It's a broken window and a few replaceable items, which weren't taken anyhow. The guys on a bike, probably packin' a knife and now scared s**tless. Call the cops asap, that's what I'd do. Not worth risking getting sliced over a radio and an ipod. IMO.


----------



## The1ThatGotAway (Jun 24, 2009)

*Umm, Are you sure you're not a libtard?*

Apparently I can't quote or c-n-p...


----------



## paymerick (May 19, 2010)

Hmmm... interesting story about the break-in... my observations:

1.) Everyone who replied to this thread pre-page 4 must have been riding in that truck that was broken in to...

2.) Everyone riding in that truck left their sarcasm-detectors in the glove-box of that truck...
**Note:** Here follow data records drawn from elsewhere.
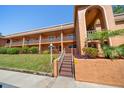 A condo exterior with stairs leading to the second-story condos with balconies, featuring well-maintained landscaping at 12760 Indian Rocks Rd # 410, Largo, FL 33774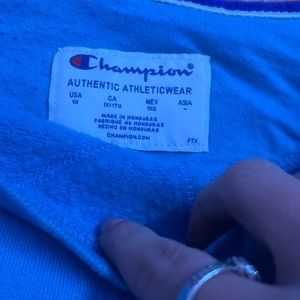 Light blue champion crew neck size large good condition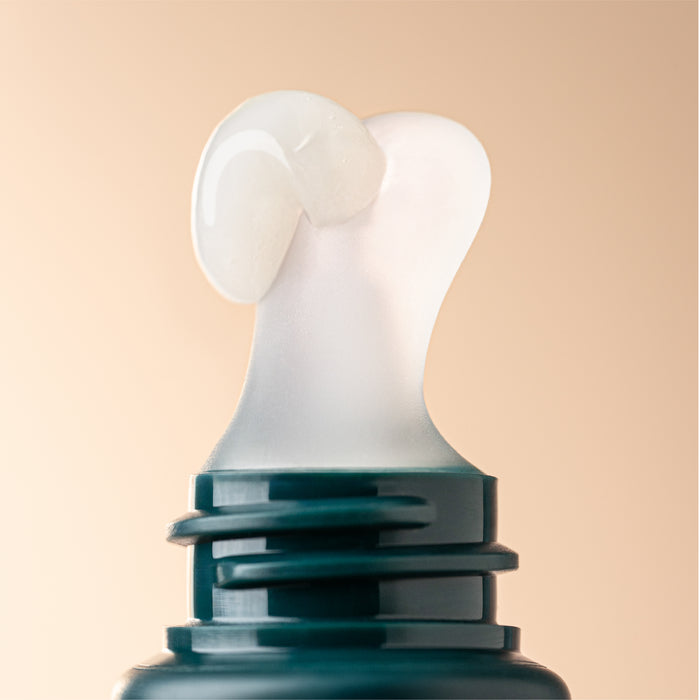 Close-up of a lip treatment applicator with product on a beige background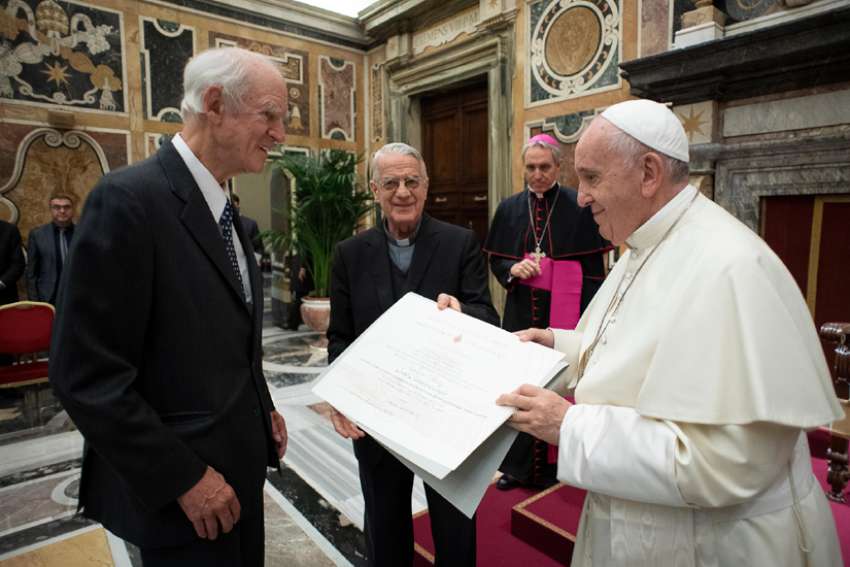 Pope Francis presents the Ratzinger prize to philosopher Charles Taylor during a ceremony at the Vatican Nov. 9, 2019. Taylor and Jesuit Father Paul Bere were chosen as prize winners by the Joseph Ratzinger-Benedict XVI Foundation.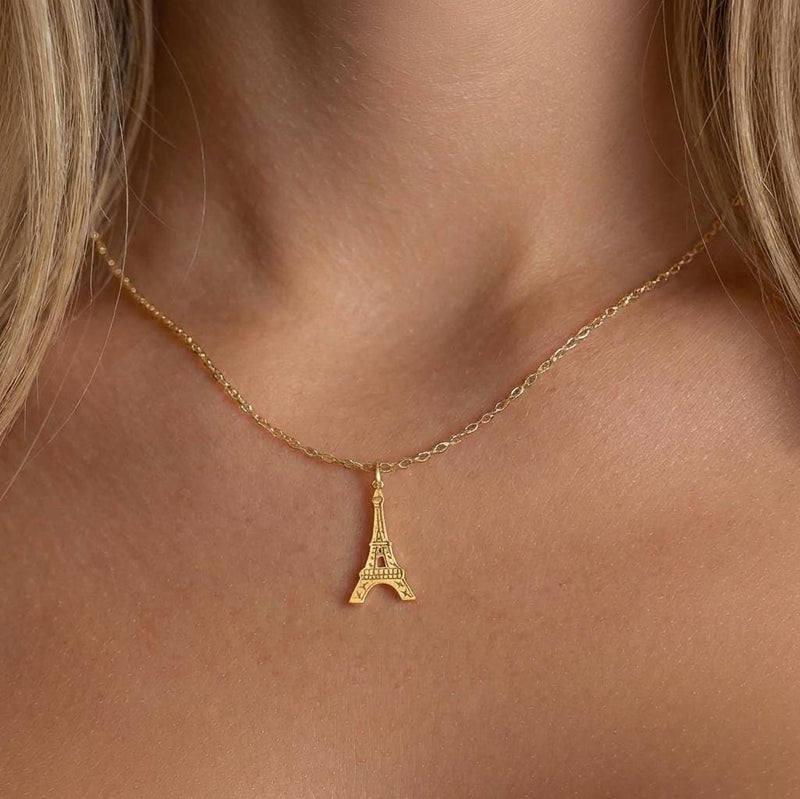 Narrow gold Eiffel Tower pendant with open lattice on a fine chain. (2 of 7)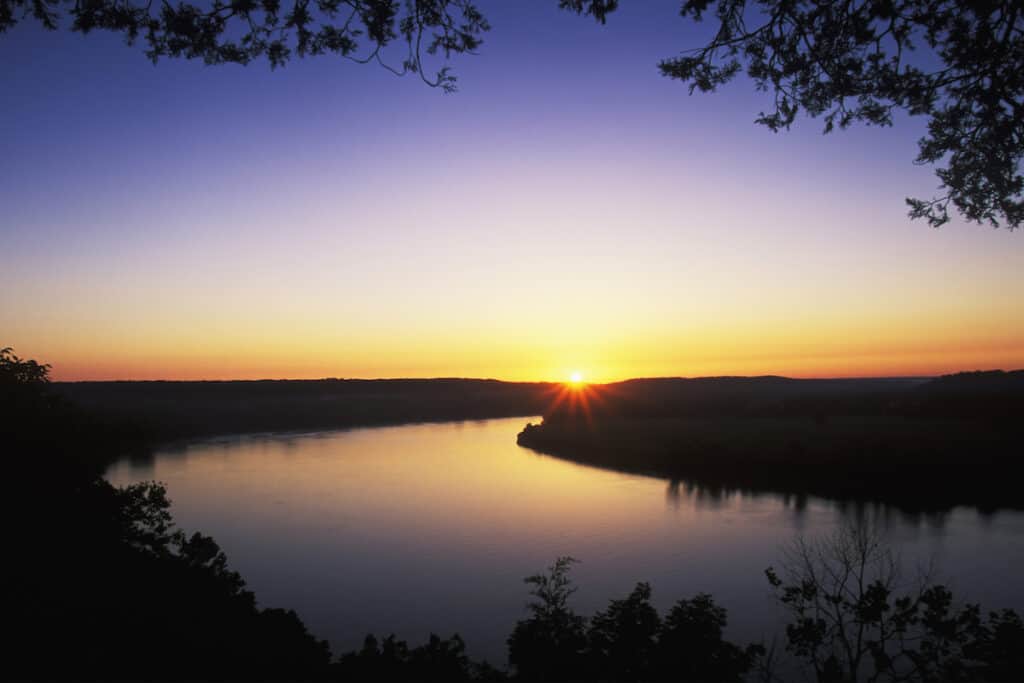 Beautiful sunrise over the Ohio River as seen from Otter Creek Start Park, Kentucky, across from Indiana on a great stretch for fishing.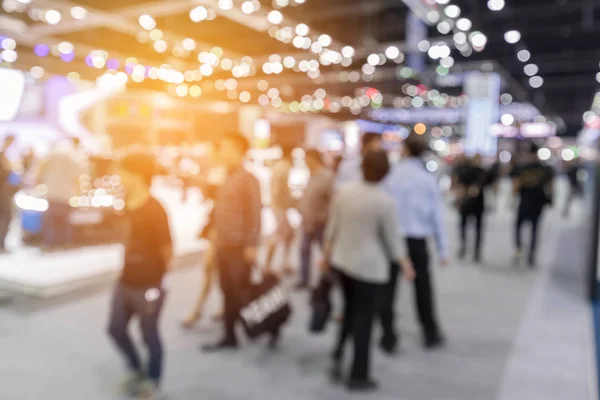 Abstraktes verschwommenes Ereignis mit Menschen als Hintergrund — Stockfoto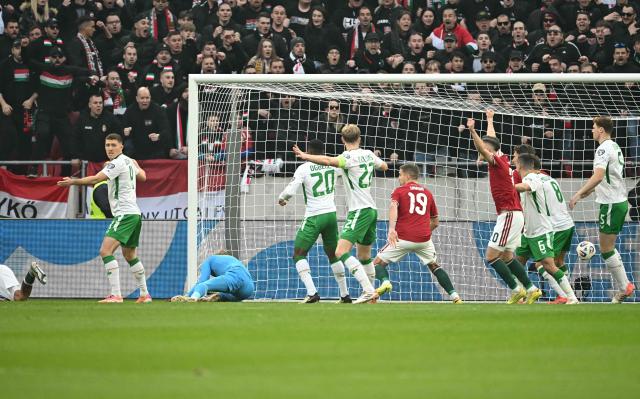 Republic of Ireland's players react to the 1-0 during the FIFA World Cup 2026 Group F European qualification football match betweem Hungary and Republic of Ireland at the Puskas Arena in Budapest, Hungary on Novemeber 16, 2025. (Photo by Attila KISBENEDEK / AFP)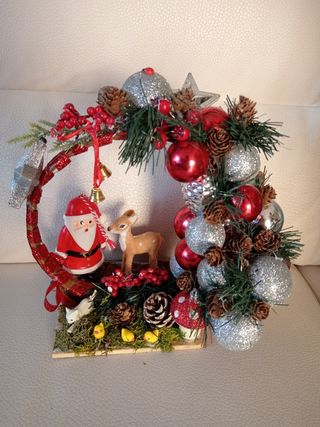 Centrotavola natalizio con Babbo Natale e cerbiatt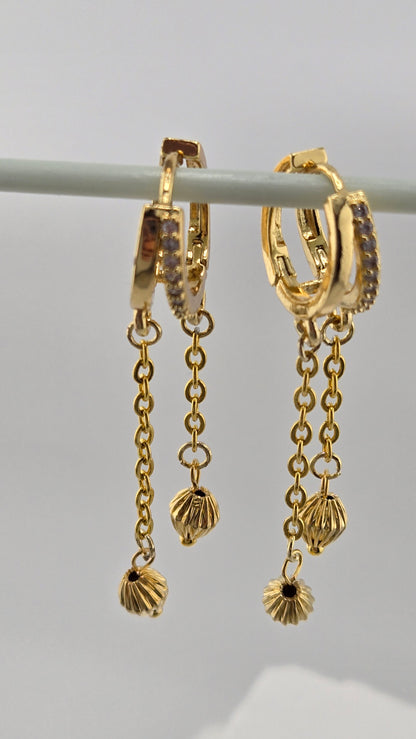 Dancing Gold Earrings with sparkling hoops and dangling gold-tone chains with textured charms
3.) Everyone's sarcasm-detectors were stolen by the bike-ridin' thief...


at first I'm thinking "Is this guy serious? The thief may not have known what he was doing was illegal?", then it hit me... hell, the game-warden thread was even mentioned in the original post...

thanks for steppin' in and straightening it out for 'em, Reel A, it was painful to read...


----------



## creolefish (Apr 29, 2006)

This 'theft' did not really happen. Reel Anxious is just trying to make a point about the parrallel between this scenario and one involving game violations.


----------



## Little-bit (Oct 19, 2005)

First clue~ broken window.
Second clue~ guy ravaging threw items.
Third clue~ the guy spooks, jumps out of the truck and speeds away on his bike.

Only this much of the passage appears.